If you haven’t heard of Steve Hunter, don’t sweat it too much. He was a behind-the-scenes guitarist in the 70’s, and never a star in his own right. Steve was a sideman for people as diverse as Lou Reed (Hunter was one half of the superb twin-guitar attack on Rock ‘n’ Roll Animal, one of my all-time favourite live albums), Alice Cooper (Welcome To My Nightmare), and Peter Gabriel (his debut album, frustratingly called Peter Gabriel*).
“So what?” I hear you ask, quite rightly. “Just get on with today’s song.”
Okey dokey, then, I will. Here’s a well-known Byrds song given the power-trio treatment by not-terribly-well-known guitarist Steve Hunter:
That pummelling version of “Eight Miles High” opened Steve Hunter’s solo album, Swept Away. The album was produced by Bob Ezrin who also produced the aforementioned Welcome To My Nightmare and Peter Gabriel. Bob Ezrin was one of those 70’s producers who had a signature sound (in his case it was bombastic and with incredibly well-recorded drums). He also produced Kiss‘ Destroyer and Pink Floyd‘s The Wall. Listen to any one of those albums and you know you’re listening to Another Bob Ezrin Production. (You have to make them capital letters because they’re big productions.) You can hear his production style a mile away (or, if you’re in Australia: a kilometre away). Big, rich, full, and clear – that’s our Bob. (I was going to call him “Bob the Producer” but then thought that would be an even weaker joke than usual, especially if you don’t watch kids’ television.)

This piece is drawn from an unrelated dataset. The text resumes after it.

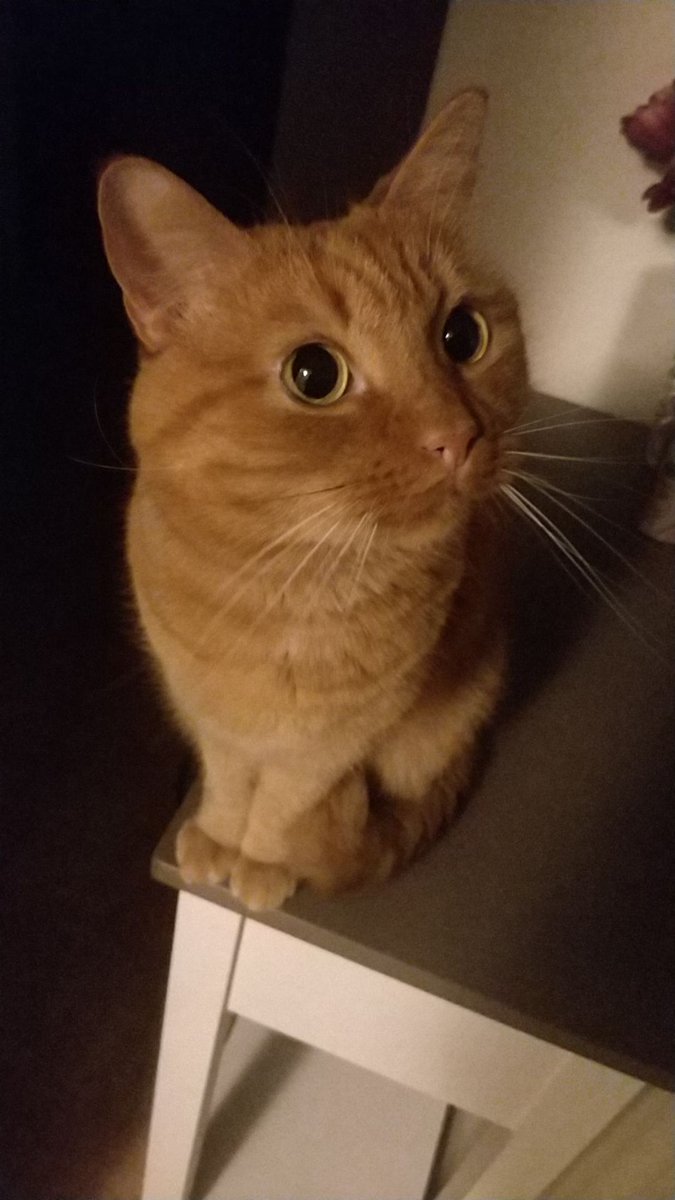 chrillzzgaming's tweet photo. @Catsillyness https://t.co/lu6pKaLMYx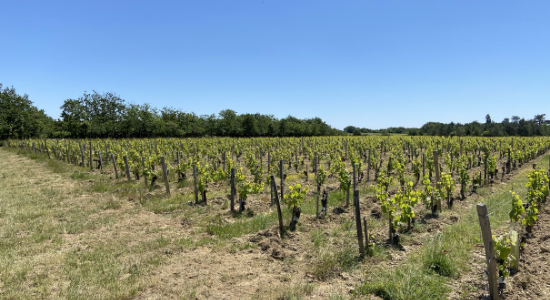 vigne brem sur mer, chardonnay, Chenin, l'orée du sabia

And I’ve come to the realisation that I use parentheses way too much (and commas, too, perhaps) and need to do something about it. Just have a look at that last paragraph. Way too many. Are there any help groups on the Internet for people who use too many parentheses?
By the way, guitar-slingin’ Steve appeared on plenty of albums produced by Bob Ezrin, so I’m guessing that whenever Bob had an assignment the first guitarist he’d call would be Steve Hunter. I’m glad he did, because Hunter’s a great guitarist and added immeasurably to the albums he appeared on.
Before I forget, here’s what “Eight Miles High” originally sounded like:
Even though The Byrds’ version is great (well, it would be – it’s the original, and it’s by The Byrds), I also thoroughly enjoyed Steve’s effort with its rampant guitar, distorted bass, and stampeding drums.
(At first I thought the drums were galloping but then realised that they were actually stampeding.)
Actually, I enjoyed it so much that I’m in the mood to play you another Hunter-fied song.
Here’s Monsieur ‘Unterr again, but this time reinterpreting The Beach Boys:
And here’s the original:
(*Peter Gabriel’s first four albums were all called Peter Gabriel. Grrr).